* _TASK INSTRUCTIONS_:
Please write out all the data that follows exactly, without the pictures.

* _DATA SECTION_:

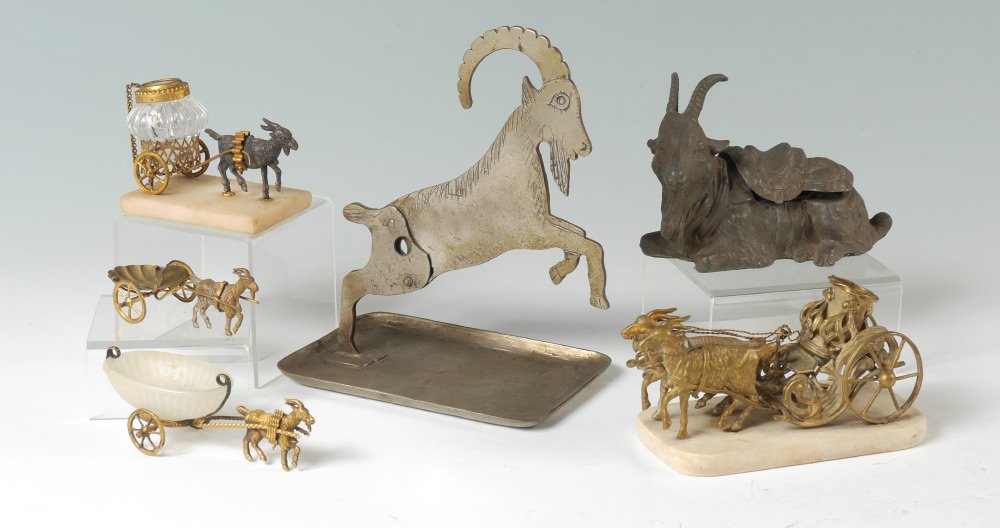 6 FIGURAL GOAT INKWELLS & OPEN SALTS: 6 FIGURAL GOAT INKWELLS & OPEN SALTS: An assembled collection of 6 pieces total, all with goat themes, to include 1) Metal cigar cutter, 7" h. x 6 1/4" x 4". 2) Cast metal inkwell with hinged lid, cop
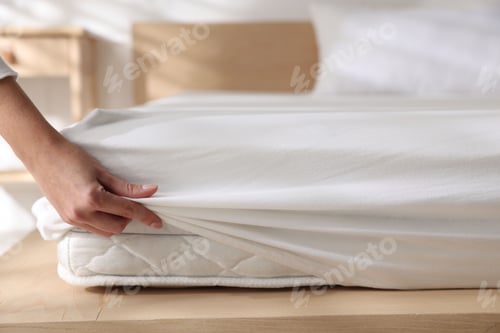 Preview: Woman putting bed sheet on mattress indoors, closeup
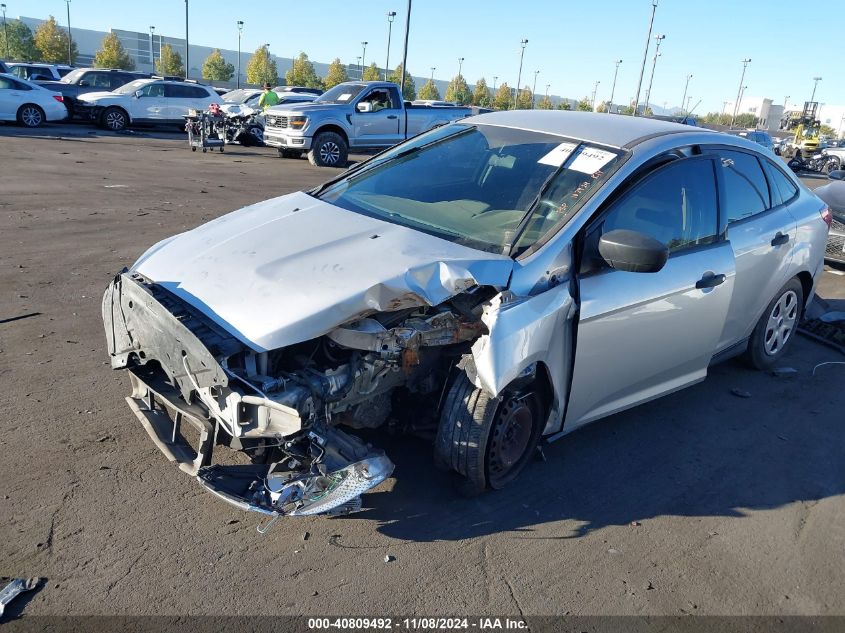 2018 Ford Focus S VIN: 1FADP3E21JL205244 Lot: 40809492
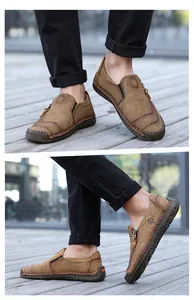 Men's casual leather loafers with side zipper and handmade stitching details worn outdoors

* _COMPLETED TASK_:
 6 FIGURAL GOAT INKWELLS & OPEN SALTS: 6 FIGURAL GOAT INKWELLS & OPEN SALTS: An assembled collection of 6 pieces total, all with goat themes, to include 1) Metal cigar cutter, 7" h. x 6 1/4" x 4". 2) Cast metal inkwell with hinged lid, cop
 Preview: Woman putting bed sheet on mattress indoors, closeup
 2018 Ford Focus S VIN: 1FADP3E21JL205244 Lot: 40809492
 Men's casual leather loafers with side zipper and handmade stitching details worn outdoors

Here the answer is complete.